A final example of how contemporary Church teachings handle awkward story material links Job and II Maccabees. Unlike the Biblical version of Job, when God responds to Job's solitary prayer, He states: "Thou wast not worthy to be in bliss...Know thyself for unclean / and evil in all degree, /...And if thou will... / grant to God that thou art guilty. / Then will He grant thee grace to rise / and mend thee of thy leprosy" (ll. 15087-15100). Job has forgotten about original sin, and since he lives prior to the day of Jesus, he has not been baptized. Job prays, following God's directions exactly, and his possessions and family are returned to him. A similar issue arises in chapter seven of II Maccabees, where the poet enlarges on the victims' conversations with their torturers and the methods of torture in order to attenuate the story of the martyrdom of the woman and her seven sons. This was a popular "saint's tale" in the Middle Ages in spite of the theologians arguing over the deceased persons' status. Their fault was similar to Job's--they too bore the burden of original sin, had lived before the time of Christ, and had not been baptized. To circumvent this unfortunate omission, the apologists said they had been baptized in their own blood--the same explanation was given for the children slain by King Herod (623-4).
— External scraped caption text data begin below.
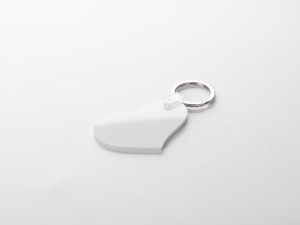 Sublimation Blanks Plastic Keyring (Heart to Heart, 4.36*12.57cm)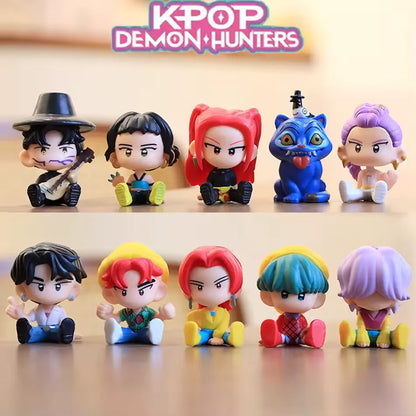 Set Mini Figuras de las Guerreras K-Pop – Demon Hunters - Colección Completa, 10 Uds Estilo Chibi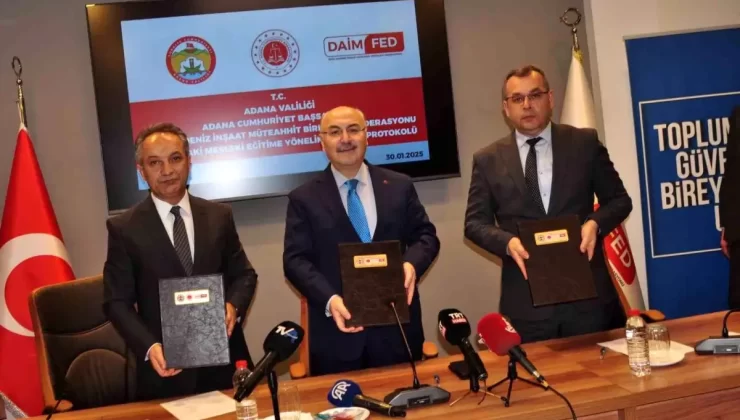 Adana’da Mahkumlara Mesleksel Eğitim Protokolü İmzalandı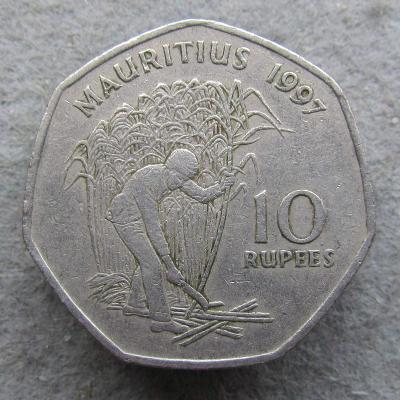 Mauricius 10 rupií 1997  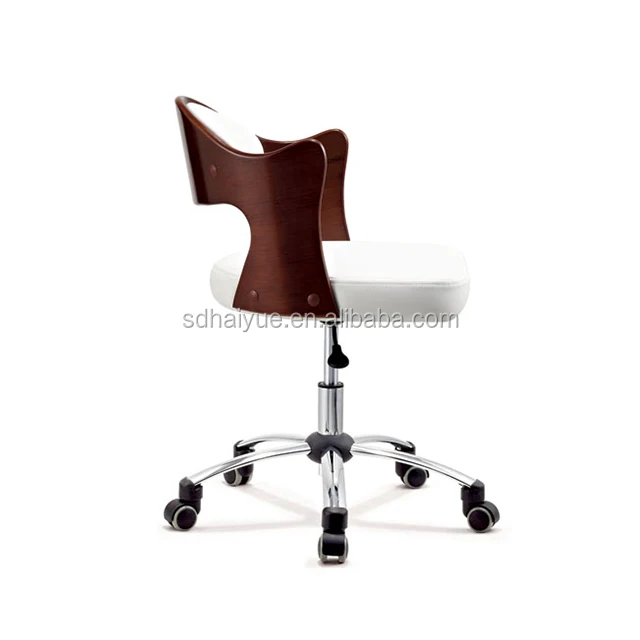 HAIYUE Modern Office Furniture Plywood PU Leather Computer Desk Chair Staff Chair HY2012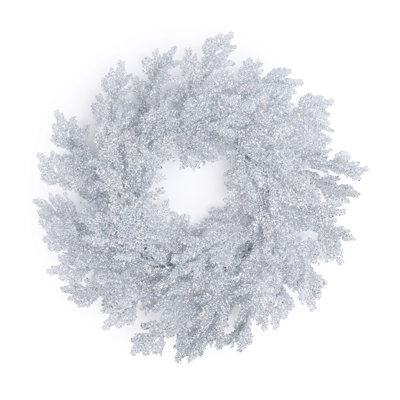 Couronne de pin scintillante 24 po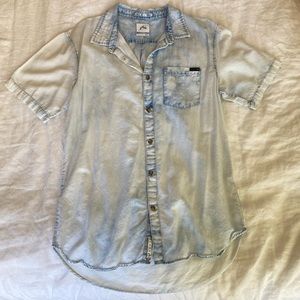Rusty Denim Acid Wash Men’s button down shirt L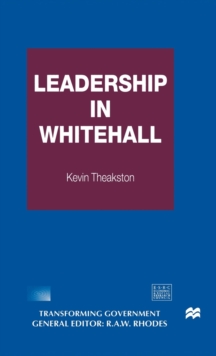 Image for Leadership in Whitehall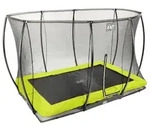Exit Silhouette Bodentrampolin mit Sicherheitsnetz-214 x 305 cm-gr&uuml;n
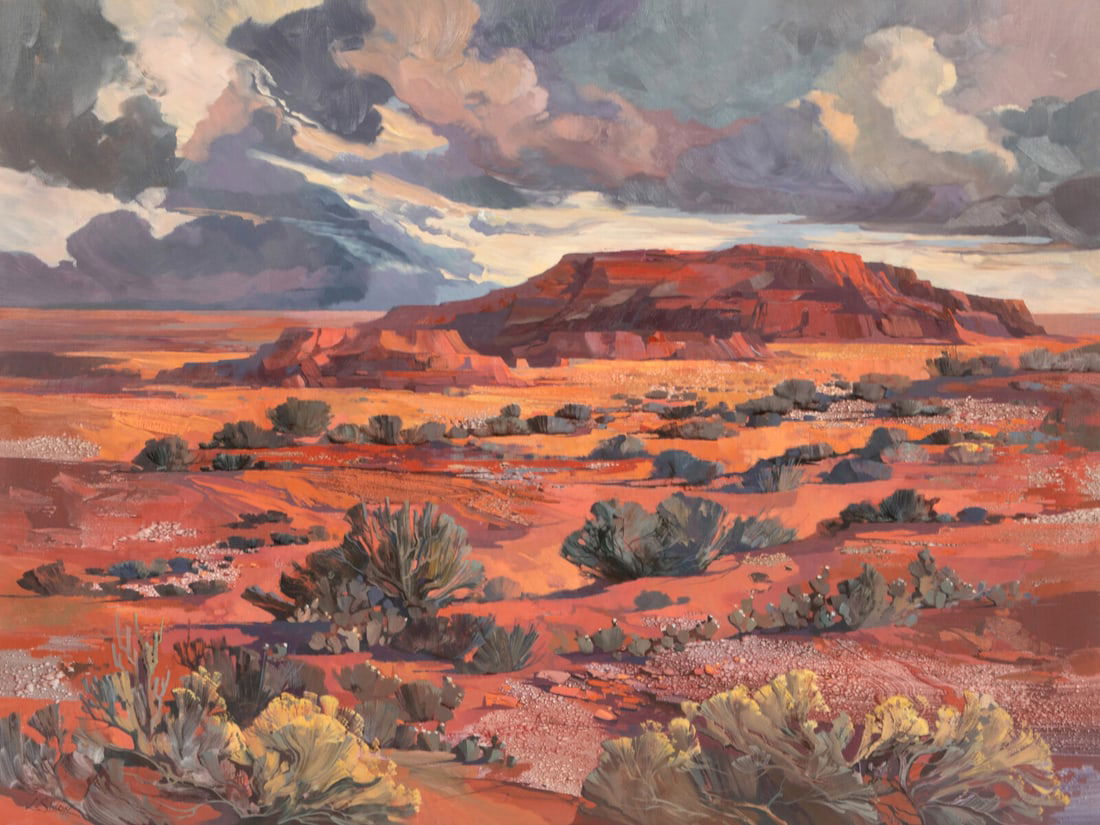 Laurence Philip Sisson (American, 1928-2015) Anasazi Afternoon (1 of 5)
Obviously, specialists in ME literature and culture will value this volume, enjoying the hunt for rhetorical devices, unidentified "echoes," and theological arguments. Additionally, because of its lengthy discussion (in its Introduction) of ME translations and paraphrases and their Latin and French sources alongside its discussion of early "Protestantism," this edition will also be of interest to Church historians. A project which this new edition of the Paraphrase invites us to undertake is a study of voice--the poet-person's voice, the book-narrators' voices, the character's voices and their various audiences. Indeed, this would be an excellent text to use for a classroom demonstration of how Reader- Response Theory might work.